Cut marketing at your peril
When times are difficult, firms want to conserve cash, and are often tempted to reduce or even abandon promotional activities. Like governments throughout the world, many businesses choose a policy of austerity over growth. This is a false debate: companies need both an austerity and a growth approach to marketing investment. There is no situation that would require one and not the other.
Promotional spend is the investment needed to reach new customers — and to maintain an existing customer base. Customers are at the core of any business, so don’t think of your marketing as a non-essential overhead; that could be a costly mistake.
When looking at marketing budgets, management sometimes considers only the numbers, ignoring the specific nature of marketing.
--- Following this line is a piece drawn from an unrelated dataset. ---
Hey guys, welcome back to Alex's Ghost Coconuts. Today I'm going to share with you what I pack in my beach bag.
Some executives assume that their company will maintain its position in the marketplace and keep a stable level of sales and revenue over time. Not so.
Without marketing investment, companies cannot hang on to their market position for long. They will keep losing existing customers, and increasingly struggle to win new ones. It’s a bit like turning off the engines of an aeroplane and expecting it to stay aloft indefinitely. That same principle of gravity applies in the boardroom. The value of marketing must be assessed against the likely decline in revenue as a result of inaction.
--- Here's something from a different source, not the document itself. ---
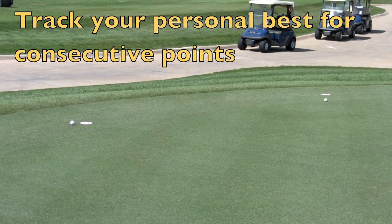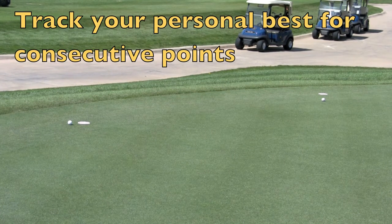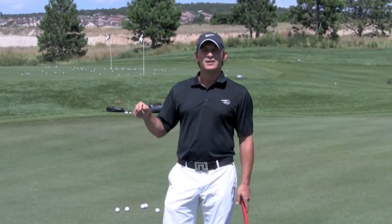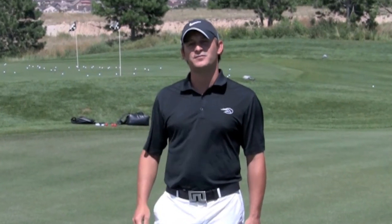To work this for your personal best, once the game is set up, hit putts to each different cup. It counts as one point every time you hit it to the cup but short of the collar. Keep track of how many in a row you can get without missing — that's how you measure yourself day to day and see if you're improving.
Austerity is of a different order. To follow the metaphor, the baggage hold should not be so loaded that the plane can no longer fly. So businesses must assess each element of their marketing budget, and determine whether it is part of the solution or an unnecessary cost. Economic pressures mean most marketing teams now have to operate with a reduced budget. Good management requires traceability of the marketing spend and a reliable measurement of the return on investment (ROI).
Many marketers cannot calculate ROI, or don’t do it for fear of getting poor results that are interpreted as underperformance. But ignoring marketing ROI is not sensible for businesses under financial pressure. Measuring ROI gives you the facts to determine which activities should be dropped and which are worth pursuing. It will enable companies to optimise and ultimately reduce their marketing spend without damaging results.
Businesses live and die by cash flow. Conserving cash is necessary, but investing in customer demand drives sales and brings in money. The bottom line? Marketing is about investment, not accounting.